Figures 6 and 7 respectively display scatter plots of the LSTM and VD-LSTM models in the Jingle River and Lushi Basins. It is evident that the scatter plots of the VD-LSTM model are closer to the 1:1 line compared with those of the LSTM model. However, as the prediction time extends, the model’s dispersion gradually increases, indicating a decline in the model's forecasting performance. In the Jingle River Basin, during the validation period, the scattering points of both models were significantly lower than the 1:1 line for flow greater than 1000 m3/s. This could be due to a lack of high flow sample data during training, causing inaccurate simulation of high flow sample points during the validation period. In the Lushi basin, the scatter plot of the VD-LSTM model has the narrowest band at 1 h lead time, with the scatter plot closest to the 1:1 line (Fig. 7d). As the lead time extends, the scattered points of the LSTM model gradually diverge on both sides of the 1:1 line around a flow of 400 m3/s (Fig. 7b,c), with similar situations for the VD-LSTM model. However, at the same lead time, the scatter plot of the VD-LSTM model starts to become scattered after higher flow points, and has better prediction performance for these high flow points (Fig. 7e,f).

Fig. 6
figure 6

Scatter plots of LSTM and VD-LSTM models for the 1h, 3h and 6h lead time in the Jingle basin.

Fig. 7
figure 7

Scatter plots of LSTM and VD-LSTM models for the 1h, 3h and 6h lead time in the Lushi basin.

Comparison of process simulations for flood events

In order to accurately evaluate the model simulation effects, we selected three flood events during the validation period in two basins, including high peak flow (> 1000 m3/s) and low peak flow (< 300 m3/s), and these events exhibit different flood characteristics, including single-peak flood events and double-peak flood events. Figures 8 and 9 respectively display the simulation results of the three flood events in the Jingle and Lushi basins with a forecast lead time of 1h. The results indicate that the VD-LSTM model has a good fit between the simulated flow and the observed flow process in both basins, reflecting the actual flood process. There is a slight lag in the rising stage of flow in some flood events, but the recession process after the peak is very suitable. Moreover, when simulating high-flow flood events, there is an underestimation of the peak flow.

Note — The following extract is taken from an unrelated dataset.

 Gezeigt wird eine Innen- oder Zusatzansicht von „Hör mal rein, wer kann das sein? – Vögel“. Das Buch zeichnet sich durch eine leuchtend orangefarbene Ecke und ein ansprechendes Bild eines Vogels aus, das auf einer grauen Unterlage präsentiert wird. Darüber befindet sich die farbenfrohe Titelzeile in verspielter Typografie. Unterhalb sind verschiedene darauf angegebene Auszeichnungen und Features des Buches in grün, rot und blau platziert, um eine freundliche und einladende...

Another situation leading to underestimation of the peak flow occurs when simulating flood events with a double-peak shape, with poorer performance in simulating higher peak flows (Fig. 8b). This may be due to the complex non-linear and spatiotemporal variations involved in the rainfall-runoff process. For flood events with a double-peak shape and higher peak discharge, their formation mechanisms may involve more environmental factors and hydrological processes, introducing more uncertainty and randomness, making their characteristics more difficult to capture by current models.

Fig. 8
figure 8

Observed and simulated hydrographs of LSTM and VD-LSTM during the validation period of three flood events in the Jingle basin.

Fig. 9
figure 9

Observed and simulated hydrographs of LSTM and VD-LSTM during the validation period of three flood events in the Lushi basin.

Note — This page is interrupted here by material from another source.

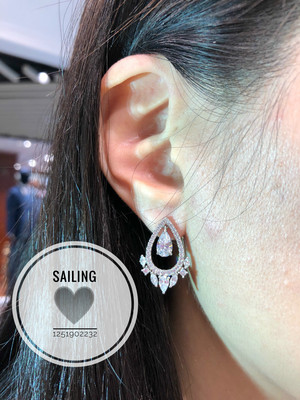 香港英国水滴形状钻石耳环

In terms of the flood process line simulated by LSTM alone, it also has a good simulation effect, but VD-LSTM has a more accurate prediction of the flood peak in the simulation of high flow events (Fig. 8a,c). From the perspective of lag, LSTM has more significant lag, and VD-LSTM improves this lag (Fig. 9a–c), indicating that the VD-LSTM model combining the vector direction of flood process can more accurately capture the vector characteristic information of flood process line in the stages of flow rising and flow receding, and reduce the uncertainty of input of machine learning model to a certain extent. In addition, as shown in Figs. 8c and 9b, the LSTM model has slight fluctuations in the low flow stage before the flood flow rises, compared with VD-LSTM, which performs better.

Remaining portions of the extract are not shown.